Work order.
The part below that opens with the line containing "Fireworks, Should We" and closes with the line containing "Stephen Okeyo Othira" should be copied exactly, minus any pictures.

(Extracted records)
◇ ◇ ◇
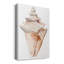 Coquillage III - impression sur toile tendue-92383658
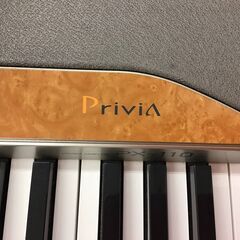 引き取り限定】CASIO Privia PX-110 2006年製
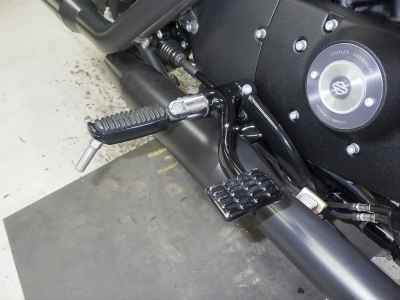Harley-Davidson XL883N 2015
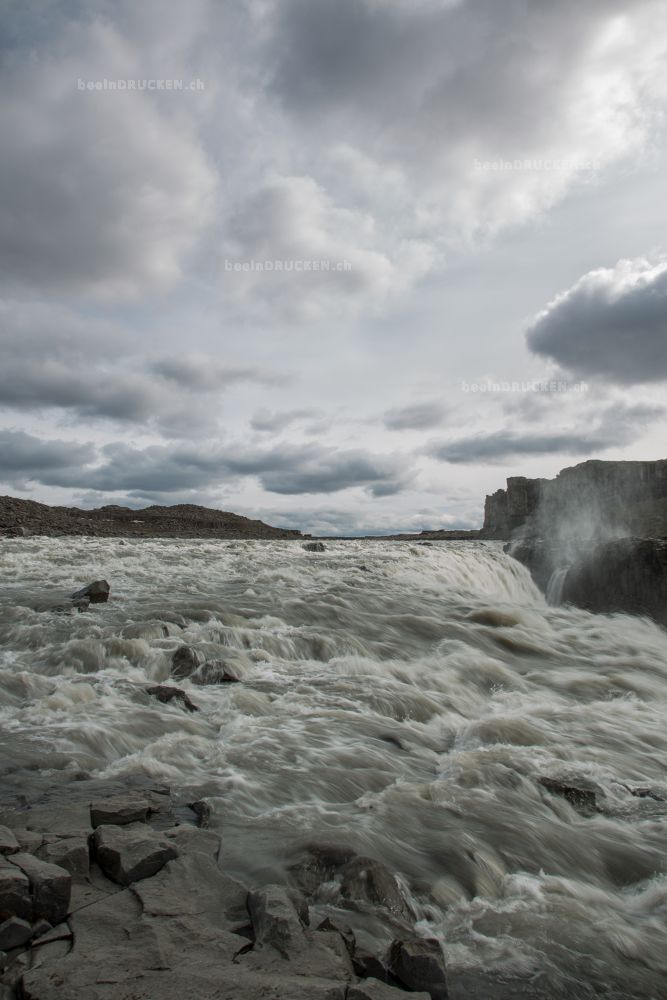 Urriðafoss                                        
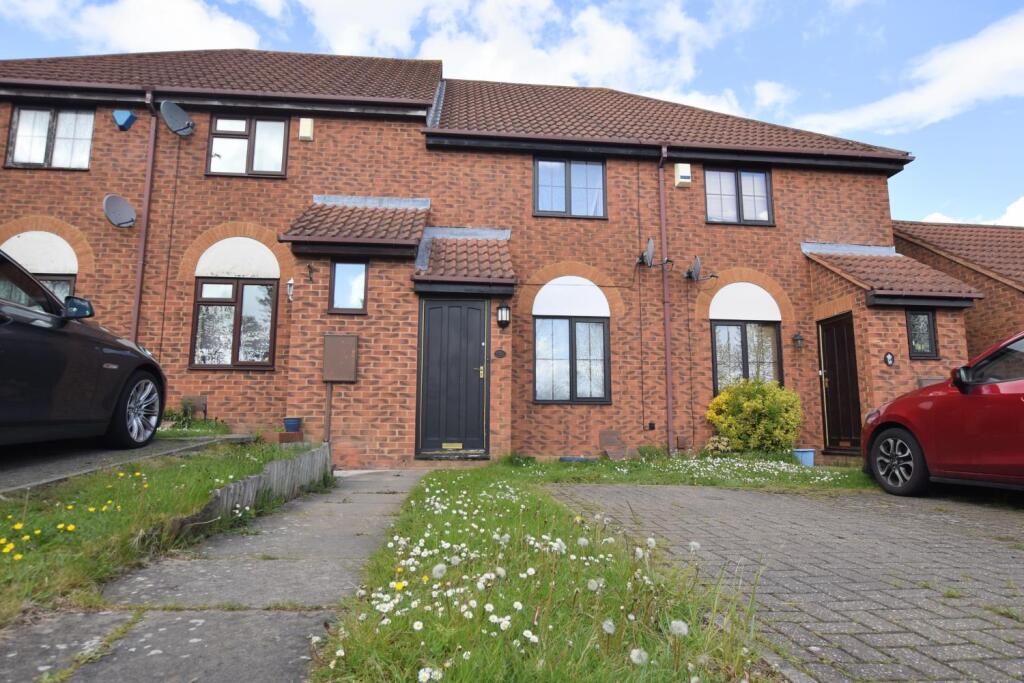 Main image of property: Hodder Lane, Emerson Valley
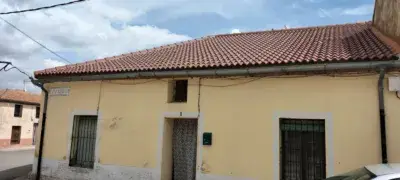 Casa en venta en Calle San García, Número 1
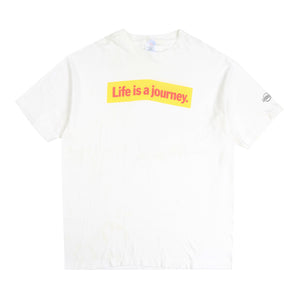 1990S Life Is A Journey Nissan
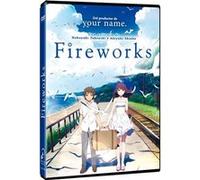 Fireworks, Should We See It from the Side or the Bottom? (2017) / Uchiage Hanabi, Shita kara miru ka? Yoko kara miru ka? G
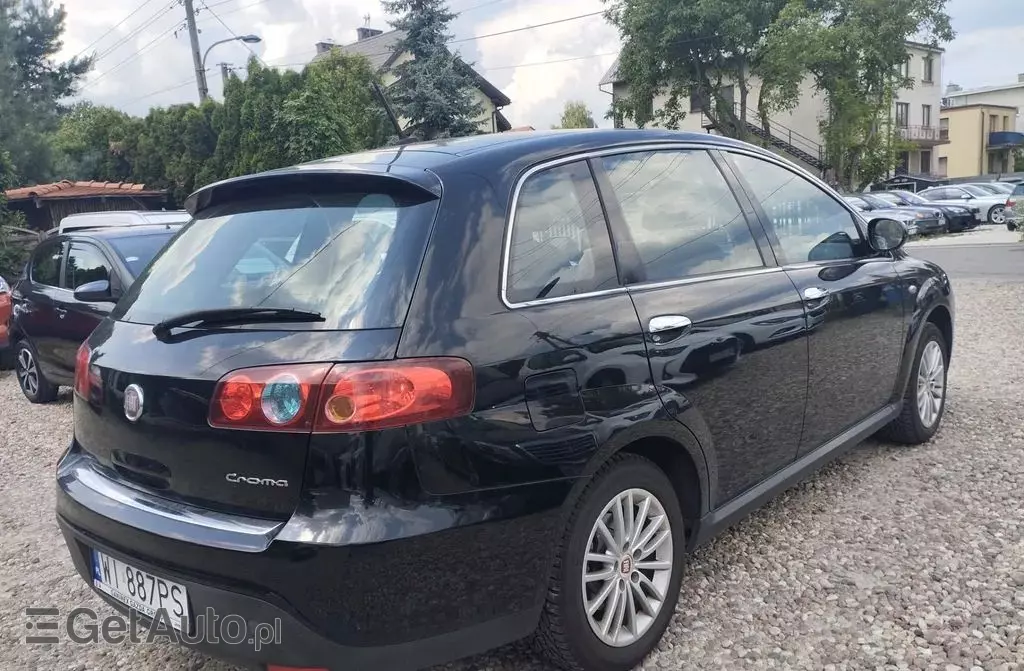 FIAT Croma 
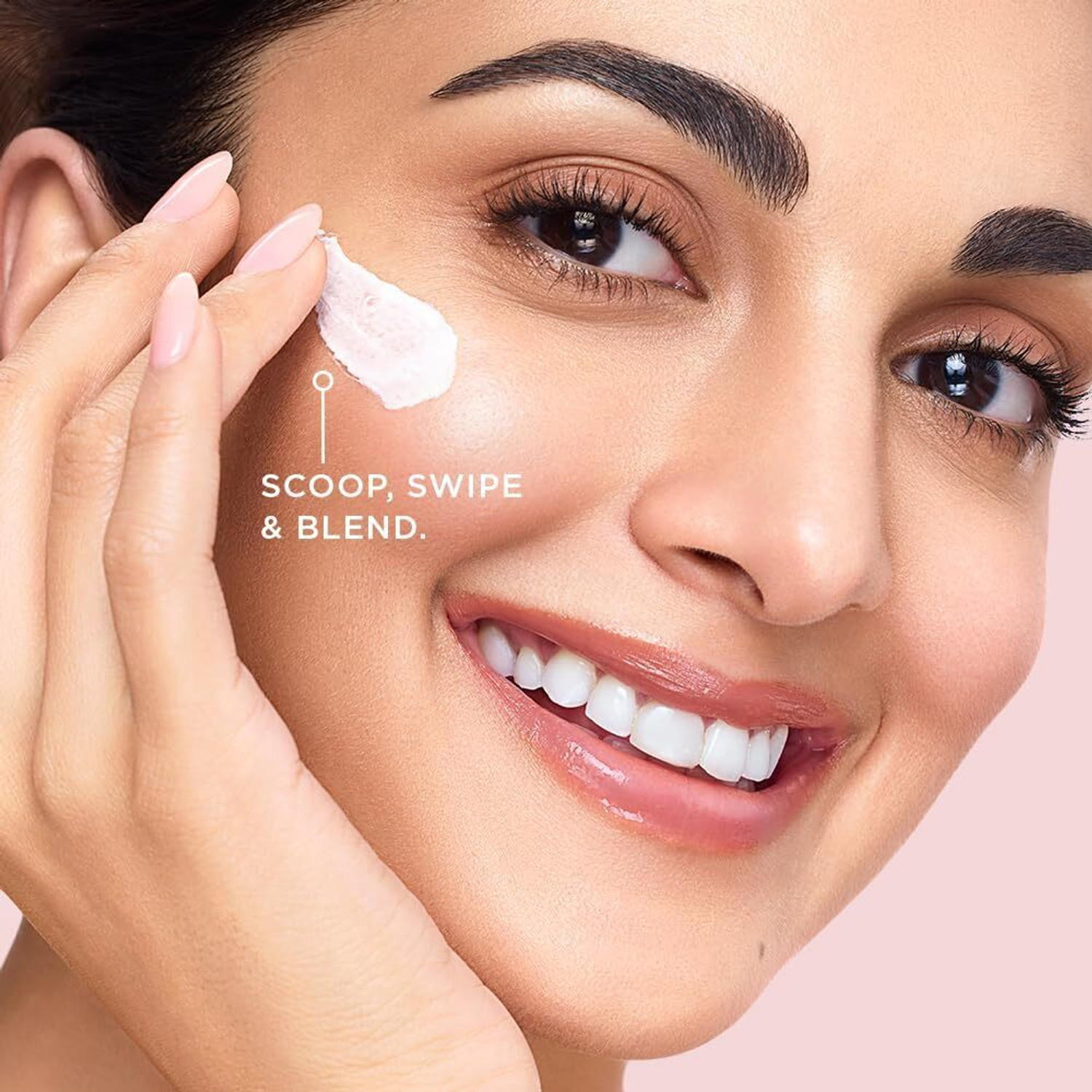 Image of POND's Bright Beauty Anti-Spot Serum Cream SPF 15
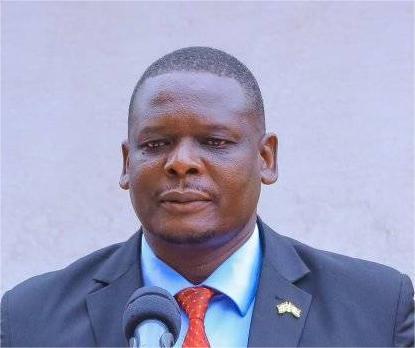 Stephen Okeyo Othira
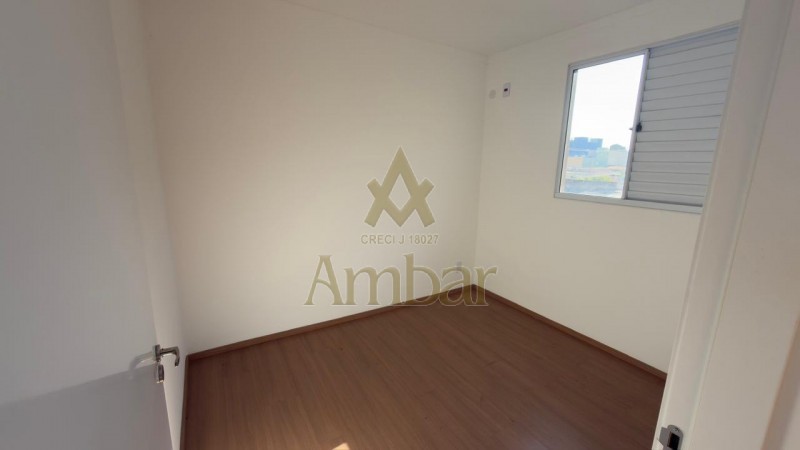 Ambar Imóveis | Imobiliária em Ribeirão Preto | Apartamento - Ipiranga - Ribeirão Preto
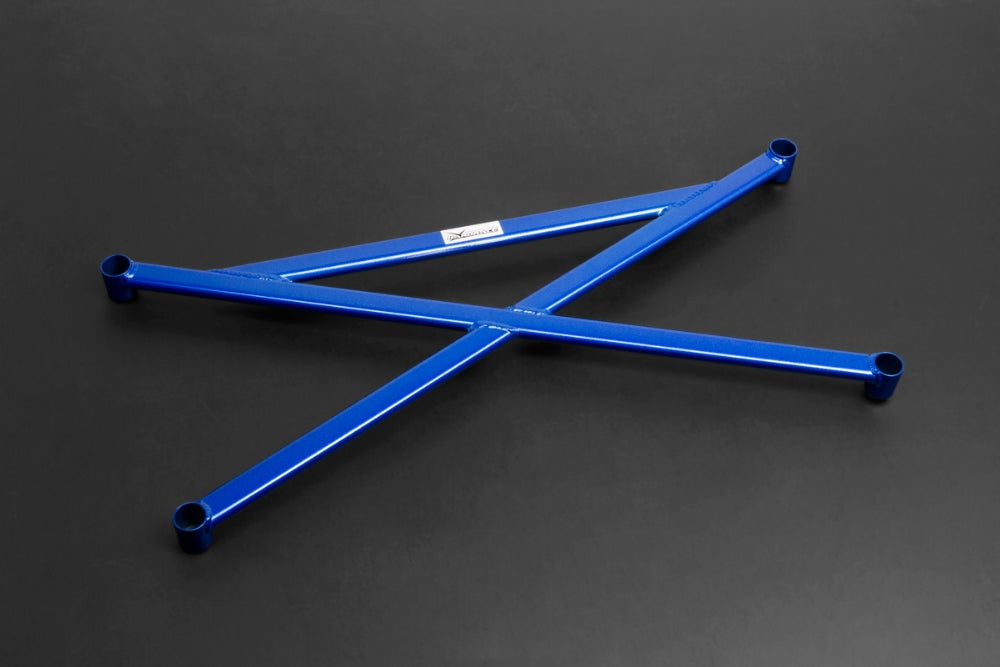 Front Lower 4 Point Brace - 1 pcs/set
◇ ◇ ◇
Result of this exercise.
 Fireworks, Should We See It from the Side or the Bottom? (2017) / Uchiage Hanabi, Shita kara miru ka? Yoko kara miru ka? G
 FIAT Croma 
 Image of POND's Bright Beauty Anti-Spot Serum Cream SPF 15
 Stephen Okeyo Othira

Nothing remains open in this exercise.